Berbagai pelanggaran yang dilakukan harusnya menjadi alasan Firli tak bisa menikmati haknya.
“Seharusnya Firli diberhentikan dengan tidak hormat atau PTDH. PTDH menjadikan Firli berpotensi dihilangkan hak uang pensiunnya,” kata Koordinator MAKI Boyamin Saiman kepada wartawan dikutip Sabtu, 30 Desember.
Selain itu, dengan diberhentikan secara tidak hormat Firli tak bisa lagi menduduki jabatan publik dan memberikan efek jera bagi yang lain. “Supaya orang-orang Pimpinan KPK yang lain dengan masa akan datang tidak berani main-main lagi,” ungkap Boyamin.
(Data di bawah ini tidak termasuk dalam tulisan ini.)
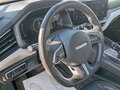 2023 Haval F7 I Рестайлинг, белый, 1246450 рублей - вид 5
“Karena kalau anda tidak menjaga amanah atau bahkan berkhianat dalam tanda kutip terhadap sumpah anda sendiri untuk memberantas korupsi tapi diduga melakukan korupsi maka hukumannya juga berat. Selain etik juga kena pidana,” sambungnya.
Boyamin berharap Presiden Jokowi menjelaskan bunyi Keppres Pemberhentian Firli Bahuri. “Kalau itu sudah diberhentikan tidak dengan hormat, ya, sudah. Saya cukup tapi kalau belum baru persiapan mengajukan gugatan PTUN,” tegasnya.
BACA JUGA:
Diberitakan sebelumnya, Presiden Jokowi secara resmi memberhentikan Firli Bahuri sebagai Ketua KPK lewat Keputusan Presiden (Keppres) Nomor 129/P Tahun 2023.
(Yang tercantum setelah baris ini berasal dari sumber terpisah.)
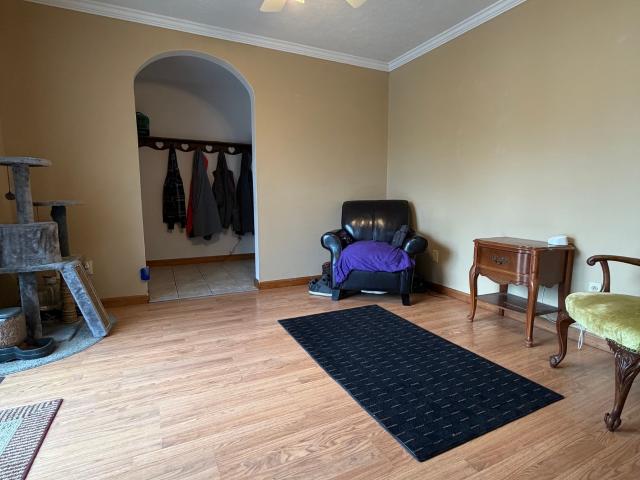 124 6th Street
Penandatanganan dilakukan pada Kamis malam, 28 Desember. Proses ini terjadi di tengah pengusutan dugaan pemerasan atau penerimaan gratifikasi yang ditangani Polda Metro Jaya.
Ada tiga hal yang mendasari penerbitan Keppres tersebut. Pertama, Firli telah bersurat untuk mengundurkan diri dari jabatannya.
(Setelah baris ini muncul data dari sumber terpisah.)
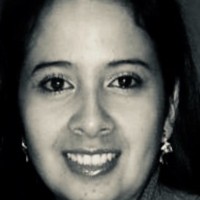 Yuli Cristina Infante Sierra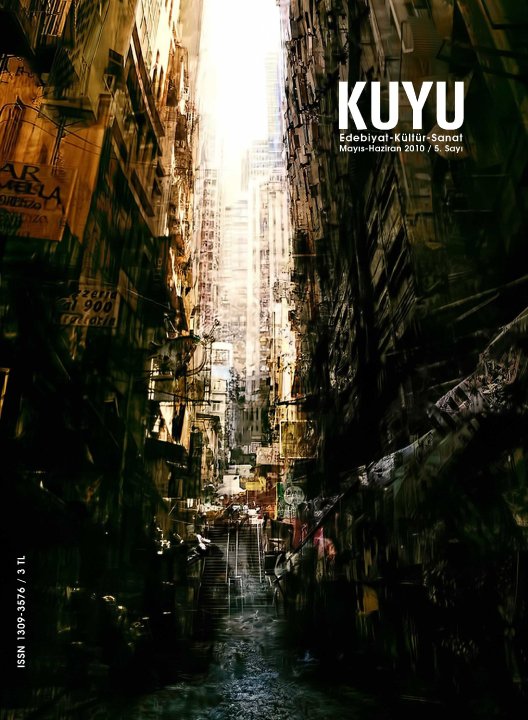 Kuyu: 5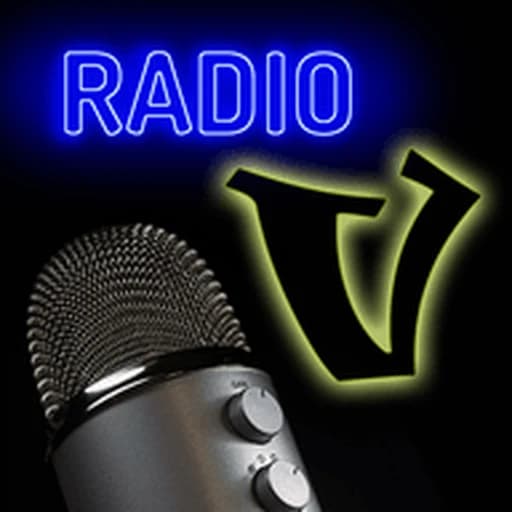 Radio V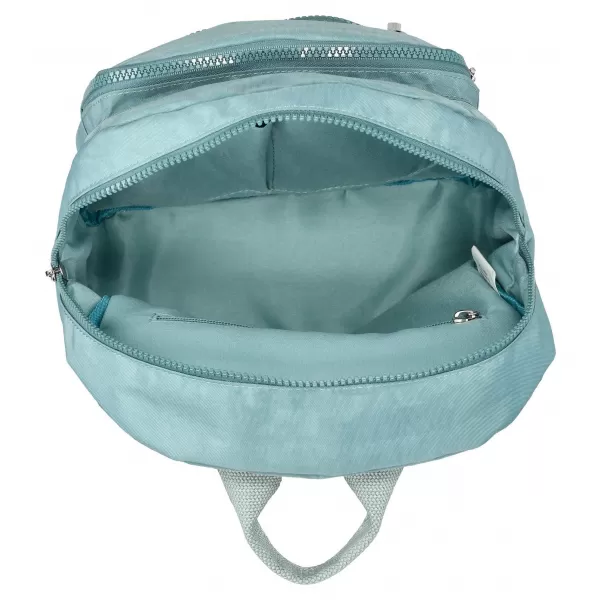  Hátizsák ENRICO BENETTI SUZIE 66847 MENTA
Kemudian, Presiden Jokowi juga memperhatikan Putusan Dewan Pengawas KPK Nomor 03/DEWAN PENGAWAS/ ETIK/12/2023 yang dibacakan pada Rabu, 27 Desember. Di dalamnya, disebutkan Firli melakukan tiga pelanggaran etik yang salah satunya adalah bertemu dengan eks Mentan Syahrul Yasin Limpo.
Dewan Pengawas memutus pertemuan itu sebagai pelanggaran berat sehingga Presiden Jokowi direkomendasikan untuk memberhentikan Firli.
Terakhir, Keppres ditandatangani Presiden Jokowi karena mengacu pada Pasal 32 UU KPK Nomor 19 Tahun 2019.